The program I am working on generates timestamped sequential events with milliseconds precision.
E.G.
event_1 at time 2022-04-27T12:00:00.000000-04:00
event_2 at time 2022-04-27T12:00:00.001000-04:00
event_3 at time 2022-04-27T12:00:00.002000-04:00
etc...
The problem I am facing is that, as the system performs a time synchronization via NTP, it is possible for the system clock to "go back in time".
In rare circumstances, this might create a situation where an event that should logically be generated after another to be timestamped before it.
E.G.
event_1 at time 2022-04-27T12:00:00.000000-04:00
event_2 at time 2022-04-27T12:00:00.002000-04:00
TimeSync at this point
event_3 at time 2022-04-27T12:00:00.001000-04:00
etc...
Later on, when another system consumes these events (most likely to generate a report), if they assert the logical order of the events from their timestamps, it will fail since it'll appear as event_3 happened before event_2, which wouldn't be correct.
I was wondering what would be the correct way to tackle this issue.
Currently, if multiple events happen under a milliseconds of each other (which is possible), we doctor their timestamps to artificially give them that milliseconds difference/precision after their previous one.
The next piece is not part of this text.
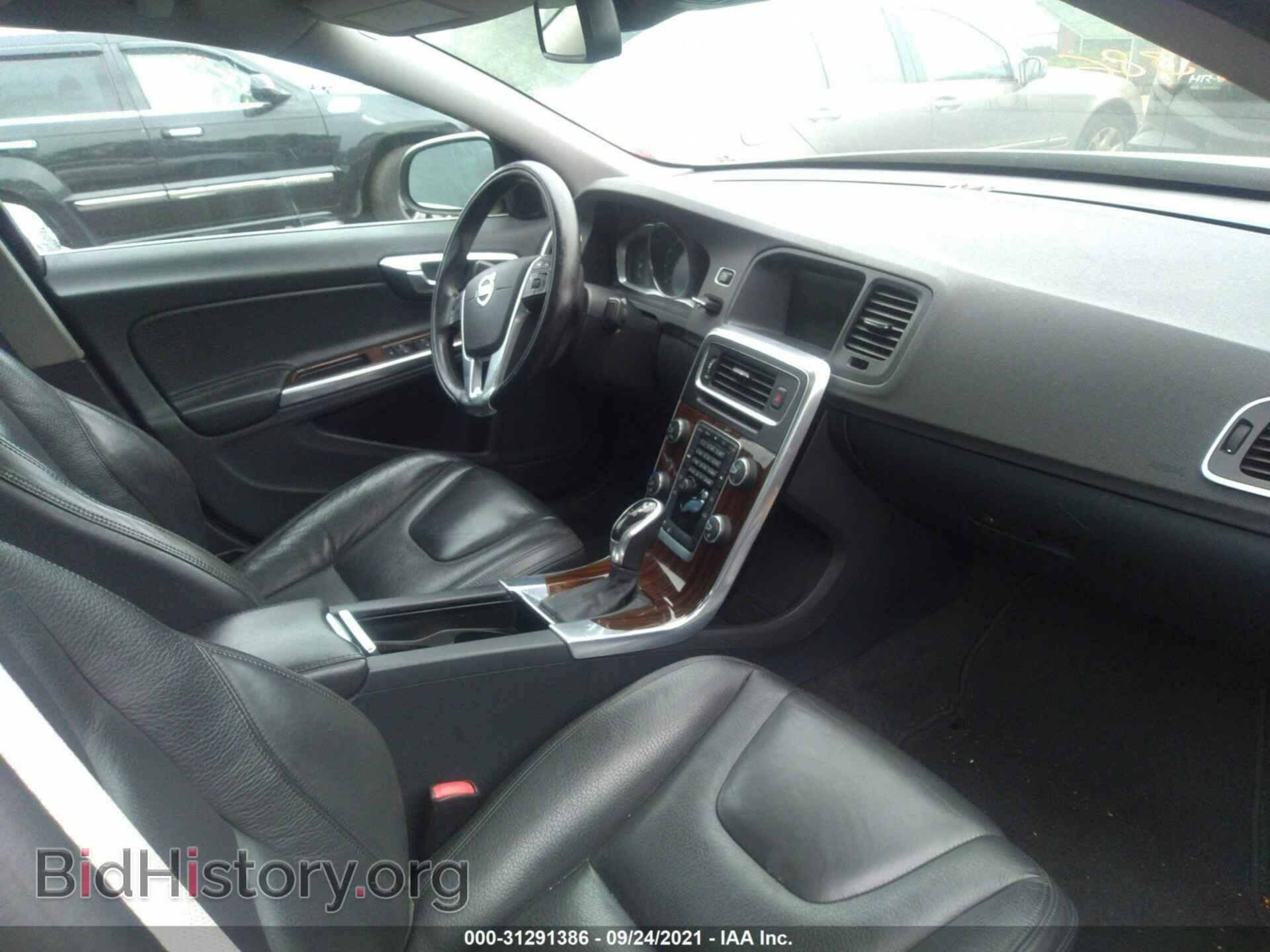 2014 VOLVO S60 - VIN: YV1612FS8E2283328 - Фото 5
This has the side effect of protecting us from the above undesired behavior until the system slows down long enough for the real clock to "catch up" to our doctored timestamps.
Another obvious solution would be to give each event a unique sequential number independent from their timestamps. The problem here is that the domain/standard we are implementing doesn't support this sequential id, so most likely, if we need to interface with a vendor, we'll end up with the same issue.
For context, these timestamps are generated using boost library in C++.